И что будут повторные выборы при участии всех оппозиционных и не оппозиционных партий. Я – за это. В это мне очень хочется верить.
– Алексей, расскажите о вашей новой работе с Камой Гинкасом.
– Второй или третий месяц под руководством Камы Мироновича Гинкаса мы пытаемся снять фильм-спектакль по «Запискам из подполья». Называется вся эта история «По поводу мокрого снега…», снимается на натуре, непосредственно в разрушенной, но все равно потрясающей усадьбе Голицыных. И сняли уже практически все. Но из-за проблем, связанных с организацией процесса, закончить съемку никак не можем.
Очень надеемся, что скоро все разрешится, ведь фильм надо снять зимой, нужна зимняя натура. А работа проведена большая, это не просто выучил текст и погнал, как в сериале. Много репетировали и читали, и тексты там такие, что мама не горюй.
Вот этим фильмом-спектаклем я сейчас занят, и, надеюсь, в ближайшее время мы отснимем все до конца.
– У каждого режиссера свой стиль, свой подход к артисту. Расскажите, как вам работается с Камой Гинкасом?
– Есть такое понятие – театральная школа. Мне очень повезло, что Гинкас – это ленинградская школа, школа Георгия Товстоногова, потому как я тоже «выкормыш» этой школы, хоть учился не у самого Товстоногова, а у Кацмана и у Додина, но мы говорим на одном языке. Поначалу было сложно, потому что каждый режиссер, особенно режиссер-личность, имеет свои представления о материале, и все равно идет какой-то момент привыкания друг к другу. Так, в «Записках сумасшедшего» мы присматривались друг к другу.
Мне работа с Гинкасом доставляет всегда необычайную радость.
– Есть старая актерская школа, но есть молодые режиссеры, которые считают, что «вынимать душу» актер не должен, что сегодня нужны другие техники.
– Это совершенно неправильно. Но дело не в душе, а в том, что движет всем, что есть в театре. А двигать может только боль. Подлинная человеческая боль, а не какие-то изыски, режиссерские штампы, находки, придумки.

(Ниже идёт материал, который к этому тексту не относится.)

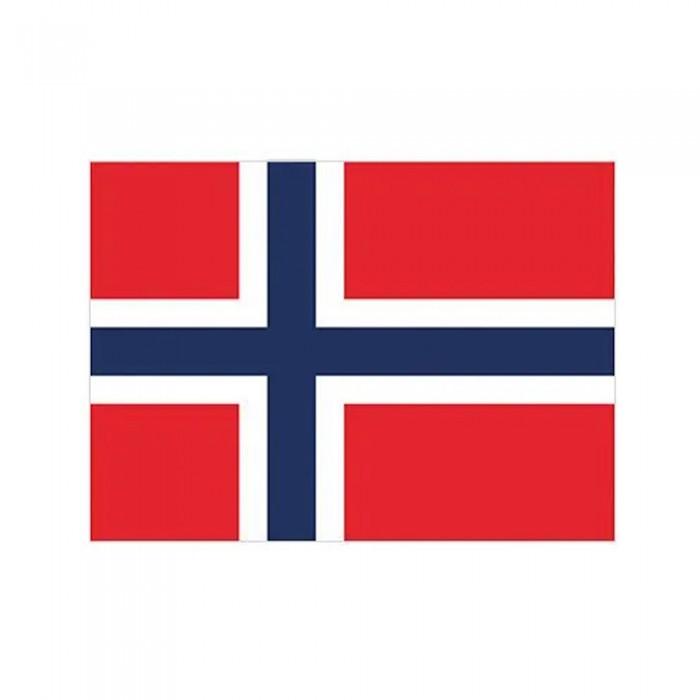 Printwear Polyester Norway Flag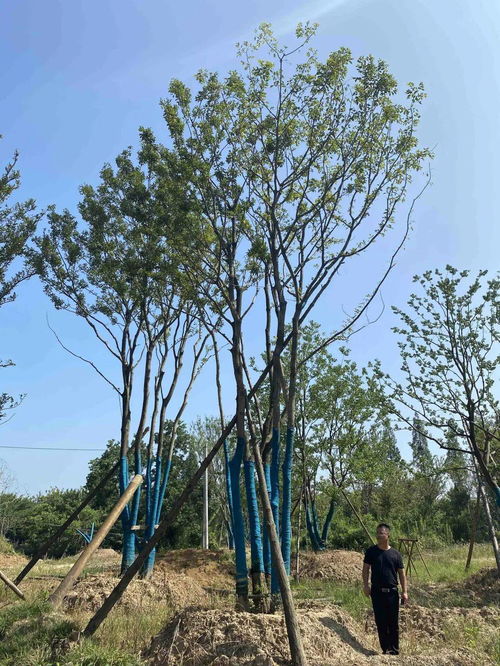 苗多多實(shí)地認(rèn)證景湖苗木 綠化養(yǎng)護(hù)專業(yè)指南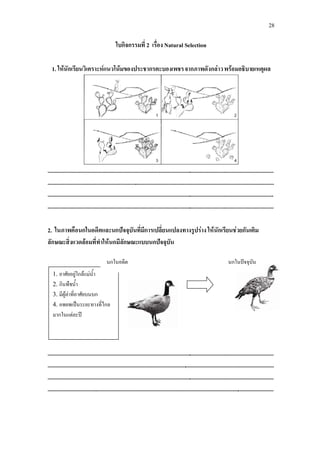 28

                                               ใบกิจกรรมที่ 2 เรื่อง Natural Selection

Поэтому мне очень дорого то, что среди молодой режиссуры есть те, кто правильно понимает предназначение театра, и режиссуры, и спектакля.
– Кого-то можете назвать?
– Ну, вот недавно я посмотрел блестящий спектакль Юрия Бутусова. И казалось бы, при всей буффонаде, при всем бурлеске, который там есть, там такая боль! Что просто слезами обливаешься в какие-то моменты.
Я знаю, что этот спектакль очень многие ругают и всячески подвергают обструкции, многие его не приняли: «Это не «Чайка»! Это не Чехов!» А мне кажется, как раз это и есть Чехов. Ставить Чехова как бытовую пьесу – это пошлость в высшей степени.
Ставить как психологический театр – время другое, другие ритмы. А тема, которая есть во всех его пьесах, всегда остается вечной: тема одиночества, тема любви безответной, неразделенной, несостоявшейся.